- [Data for this exercise]
◆ ◆ ◆ ◆

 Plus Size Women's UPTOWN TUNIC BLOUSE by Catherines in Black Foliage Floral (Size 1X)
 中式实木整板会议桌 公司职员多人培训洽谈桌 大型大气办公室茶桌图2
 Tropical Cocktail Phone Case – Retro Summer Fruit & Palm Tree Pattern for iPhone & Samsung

◆ ◆ ◆ ◆

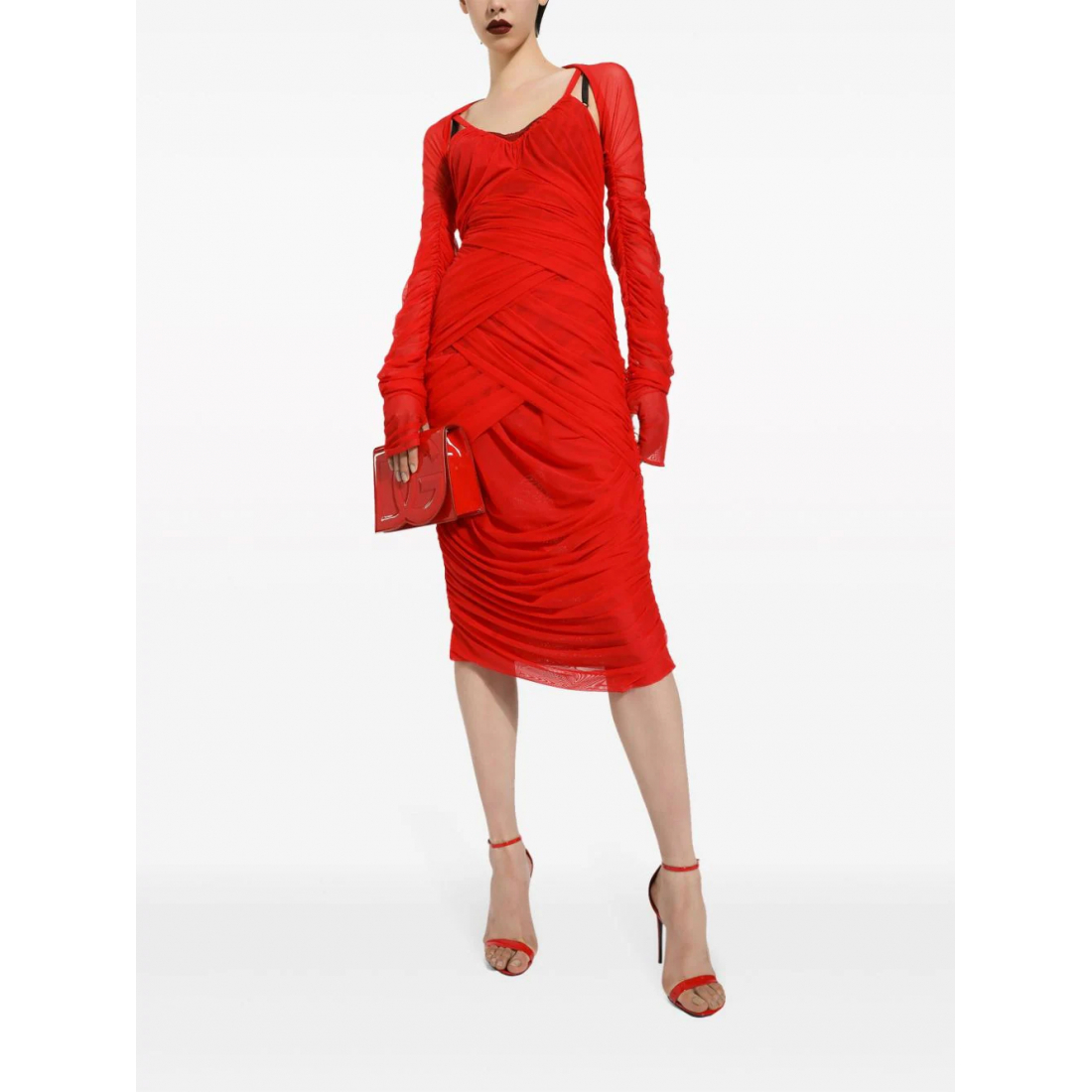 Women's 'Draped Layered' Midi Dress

◆ ◆ ◆ ◆

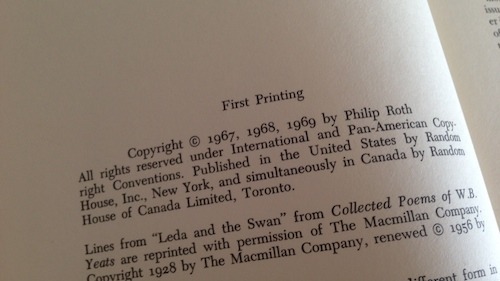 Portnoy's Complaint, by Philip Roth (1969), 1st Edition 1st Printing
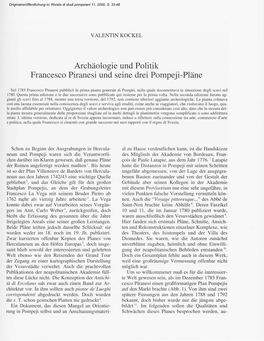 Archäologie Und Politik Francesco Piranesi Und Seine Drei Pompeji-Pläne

◆ ◆ ◆ ◆

- [Brief]
Set down only the lines above that fall between the line holding "中式实木整板会议桌 公司职员多人培训洽谈桌 大型大气办公室茶桌图2" and the line holding "Tropical Cocktail Phone", inclusive, keeping each exact.

- [Response to this exercise]
 中式实木整板会议桌 公司职员多人培训洽谈桌 大型大气办公室茶桌图2
 Tropical Cocktail Phone Case – Retro Summer Fruit & Palm Tree Pattern for iPhone & Samsung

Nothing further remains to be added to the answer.